MATERIAL PROVIDED START

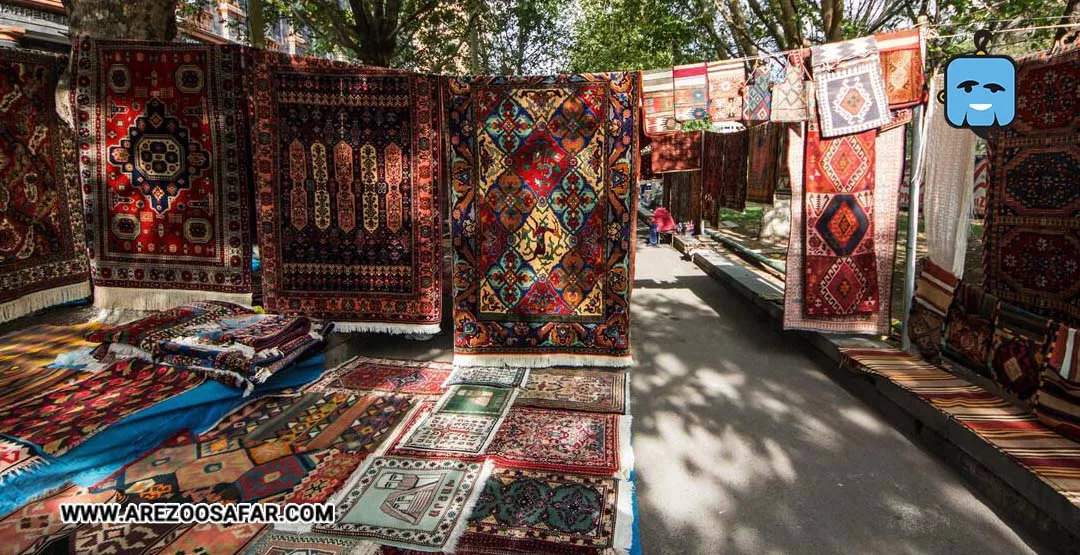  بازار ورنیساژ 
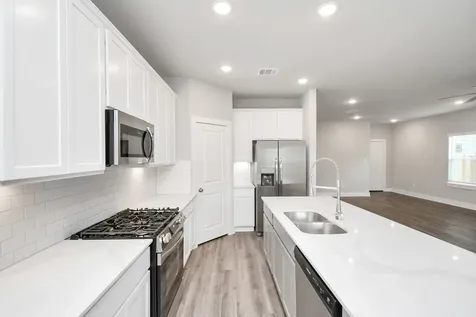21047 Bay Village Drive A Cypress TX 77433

MATERIAL PROVIDED END
MATERIAL PROVIDED START

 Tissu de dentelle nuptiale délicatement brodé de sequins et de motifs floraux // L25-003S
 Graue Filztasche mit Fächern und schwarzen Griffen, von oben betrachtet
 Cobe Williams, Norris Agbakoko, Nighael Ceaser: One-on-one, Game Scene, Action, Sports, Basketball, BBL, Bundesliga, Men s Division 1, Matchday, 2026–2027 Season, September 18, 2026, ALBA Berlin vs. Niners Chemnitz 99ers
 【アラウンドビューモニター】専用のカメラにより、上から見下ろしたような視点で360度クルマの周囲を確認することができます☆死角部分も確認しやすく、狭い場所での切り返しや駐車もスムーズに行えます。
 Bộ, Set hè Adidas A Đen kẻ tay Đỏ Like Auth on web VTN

MATERIAL PROVIDED END

→ **WHAT YOU NEED TO DO**
Copy needed, without pictures: the lines of the listing above from the line containing "بازار ورنیساژ" up to and including the line containing "21047 Bay Village Drive A Cypress TX 77433", set down exactly.

→ **ANSWER FOR THE TASK**
  بازار ورنیساژ 
21047 Bay Village Drive A Cypress TX 77433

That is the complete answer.